*** Block opens ***

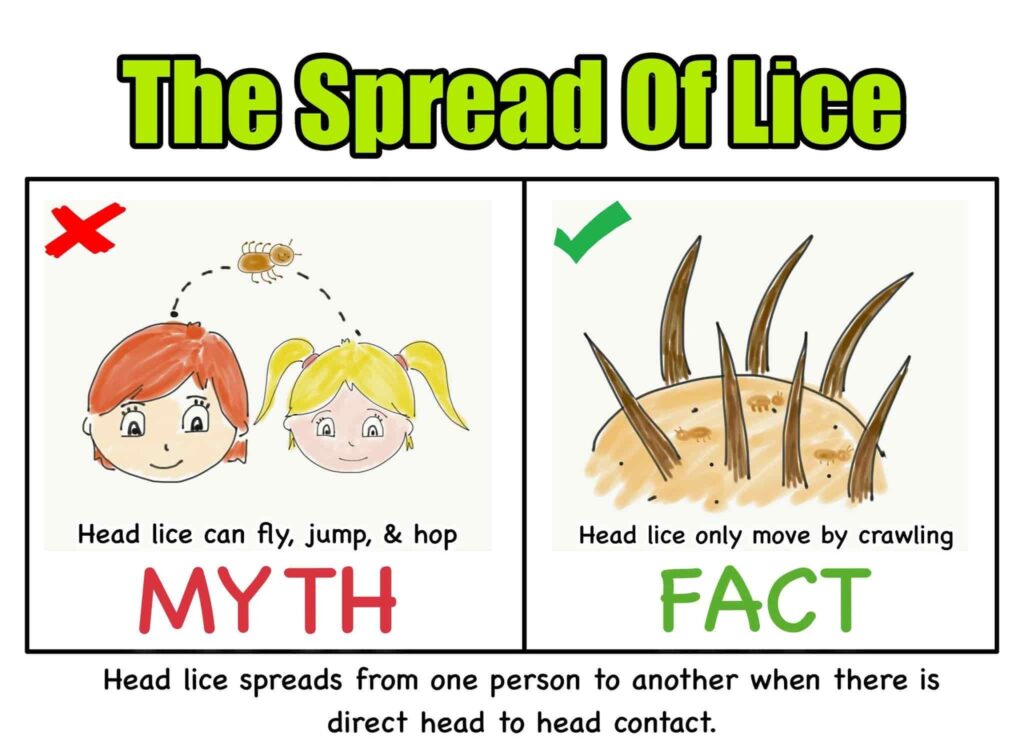 How Are Lice Spread?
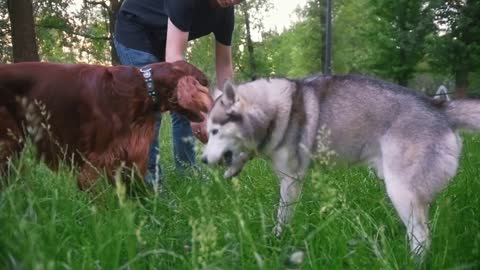 Man in park plays with dogs - irish setter and husky - give him branch of tree at summer park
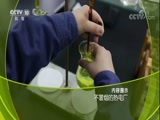 走近科学 《走近科学》 20171130 不冒烟的热电厂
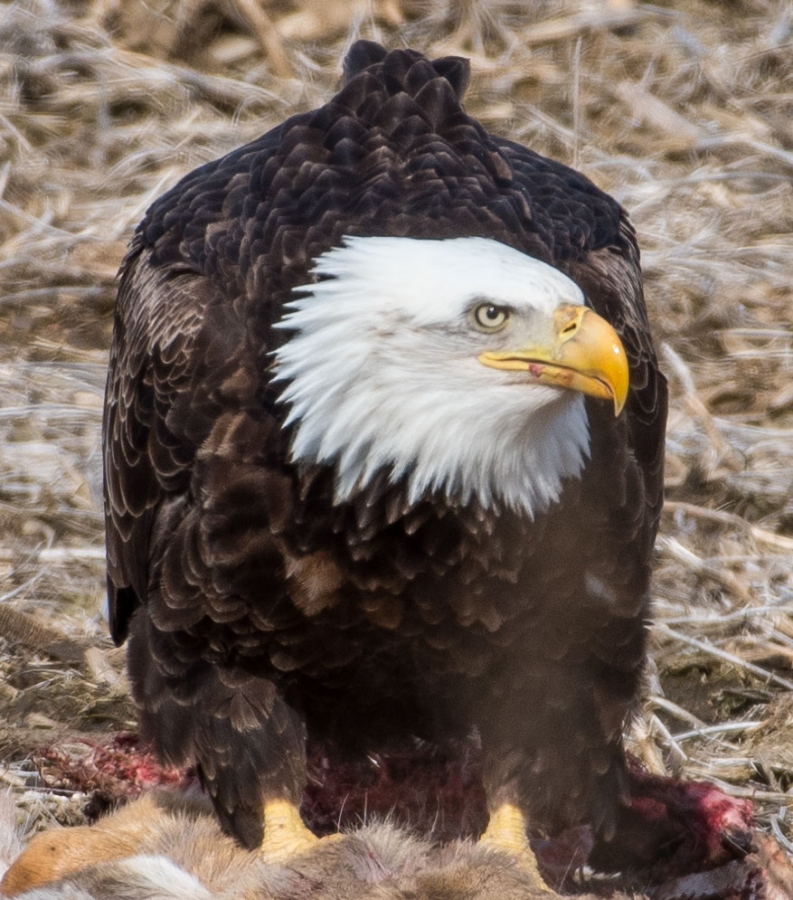Bald Eagle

*** Block closes ***

About this exercise:
Exclude the pictures and give back the rest of the data above exactly as written.

Result of this exercise:
 How Are Lice Spread?
 Man in park plays with dogs - irish setter and husky - give him branch of tree at summer park
 走近科学 《走近科学》 20171130 不冒烟的热电厂
Bald Eagle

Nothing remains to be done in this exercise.